Ed è proprio la competizione a rendere “indecente” e pericoloso il proporre il disarmo unilaterale.
Domanda retorica: perché nessuno dice che il disarmo è pura utopia soprattutto per ragioni economiche? Perché oggi è il sistema economico a farla da padrone. L’Italia, come tutti i Paesi fabbricanti di armi di qualsiasi genere, oltre a provvedere a quelle che immagina sue proprie necessità, vende a terzi tutto quello che può, e questo fa sia direttamente che indirettamente.

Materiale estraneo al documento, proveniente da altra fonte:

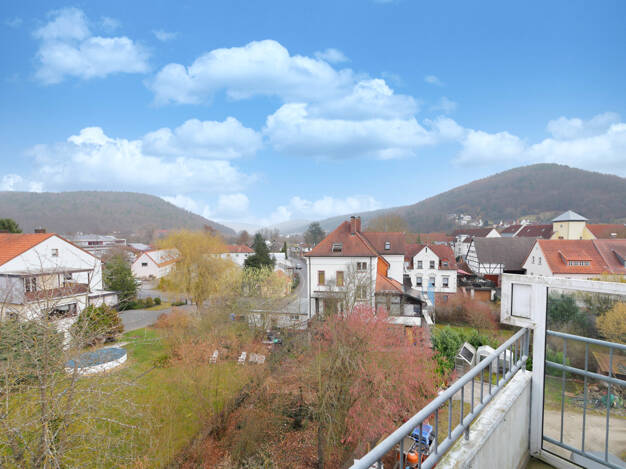 Wohnung zum Kauf 179.900 € 3 Zimmer 73,5 m² Dachgeschoss, 4. Geschoss Gemünden Gemünden am Main 97737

Con l’indotto, la produzione di armi è parte assolutamente non trascurabile delle economia del Paese, e non solo del nostro. Anche questo può sembrare banale, ma non è forse vero che le distruzioni che le guerre provocano sono fonte di guadagno per tutti coloro che saranno chiamati a ricostruire?
E allora, forse la sola cosa che si può fare è improntare tutta la formazione e dunque tutta la cultura al concetto che le armi possono essere utili, ma il loro uso deve essere moralmente, eticamente, giuridicamente lecito.
E per cominciare:
tutti o almeno la gran parte dei Paesi potrebbero proibire ai privati l’acquisto e la detenzione almeno delle così dette armi proprie, una volta elaborata una classificazione affidabile ed accettabile. E tanto per ricordarlo, arma propria è anche il fucile da caccia;
tutti o almeno la gran parte dei Paesi potrebbero limitare la produzione delle armi al proprio fabbisogno, proibendo nel contempo la vendita delle armi ai Paesi altri, quali siano i rapporti intrattenuti;
in tutti o almeno nella gran parte dei Paesi potrebbero essere individuati i detentori di armi, ed i loro arsenali sequestrati e distrutti. I porto d’armi oggi legalizzanti la detenzione andrebbero annullati.
Naturalmente, la questione è assai più vasta e complessa, e sono consapevole anche dei problemi “laterali” ad ogni intervento di riduzione delle armi, quale, ad esempio, quello del posto di lavoro per chi il lavoro lo perderebbe.
Ma non varrebbe la pena di tentare?
A proposito: le facce ridenti dei responsabili della Corea del Nord non sono preludio alle gioie del Natale, bensì la prova evidente che risus abundat in ore stultorum.